Provincial government tables legislation to make elasmosaur provincial fossil emblem

Eighty-million years ago, swarms of a marine reptile known as elasmosaur hunted in the oceans off British Columbia. Five years ago, British Columbians voted elasmosaur to be B.C.’s fossil emblem. Now, the wait is almost over.

On Wednesday (Oct. 4), the elasmosaur became one step closer to becoming part of B.C.’s symbols, when Tourism Minister Lana Popham tabled legislation to include the animal as B.C.’s fossil emblem.

“Adding a fossil emblem to our official provincial symbols is a great way to increase awareness about our natural, physical, geological provincial history,” Popham said as the bill received first reading.

Elasmosaur is a genus of plesiosaurs, which are large predatory reptiles that lived in the oceans. The animals generally had small heads attached to long necks, turtle-shaped bodies with paddle-like flippers and short tails.

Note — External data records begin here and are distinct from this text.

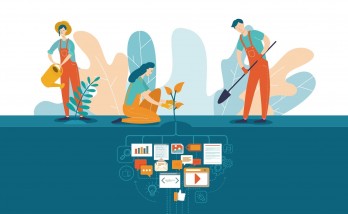 What is Content Seeding?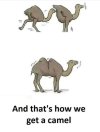 Camel.jpg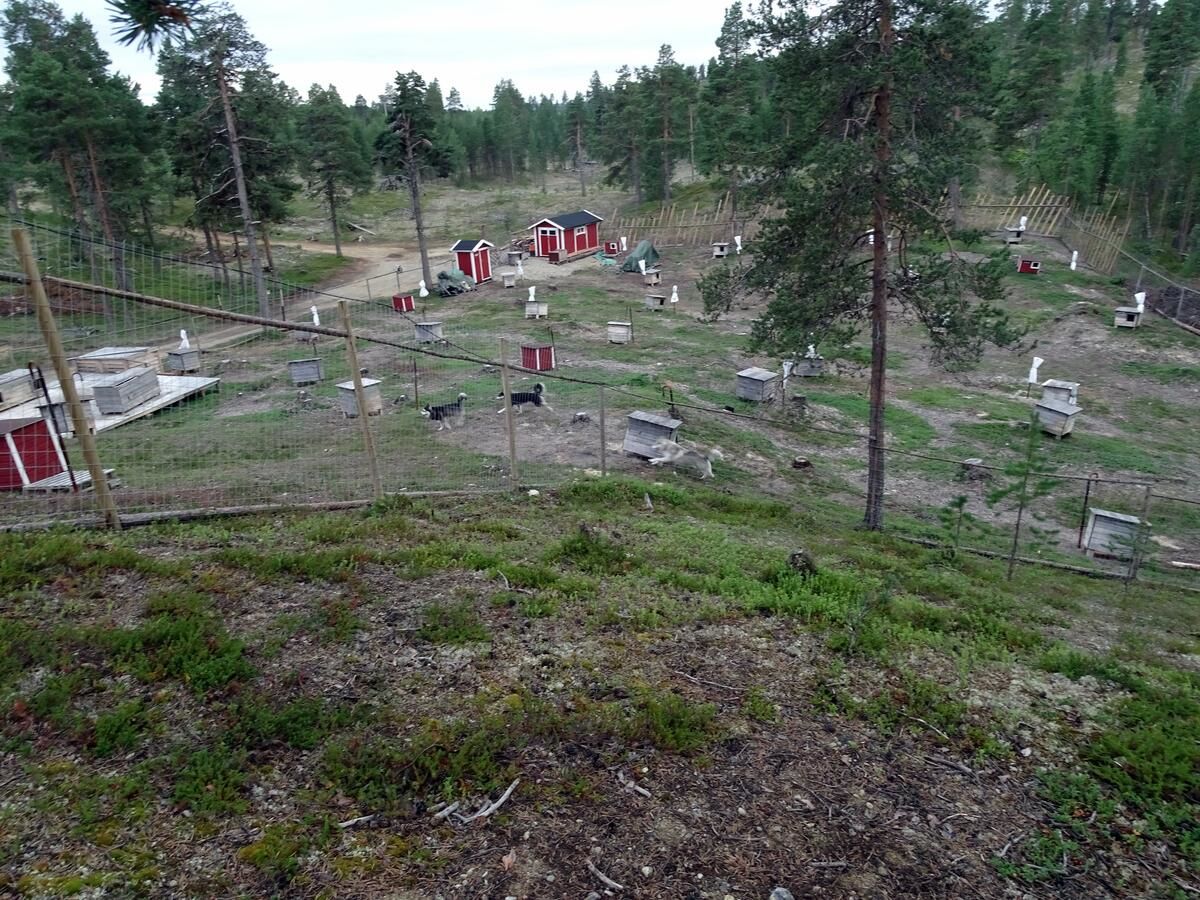 Дома для отпуска Cabin at Huskies Farm Инари-10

RELATED: Courtenay Museum celebrating elasmosaur’s 80,000,034th birthday

In 2018, the provincial government ran a contest to determine B.C.’s fossil emblem and elasmosaur won by a wide margin.

In 2023, Courtenay-Comox MLA Ronna-Rae Leonard had tabled a private member bill to adopt elasmosaur as the provincial fossil emblem.

While elasmosaur fossils have been found across western Canada and parts of the United States, Vancouver Island has had a long record of such discoveries.

Courtenay and District Museum on Vancouver Island is home to one such fossil, which has become somewhat of a celebrity on social media as museum staff have been built various celebrations around the fossil.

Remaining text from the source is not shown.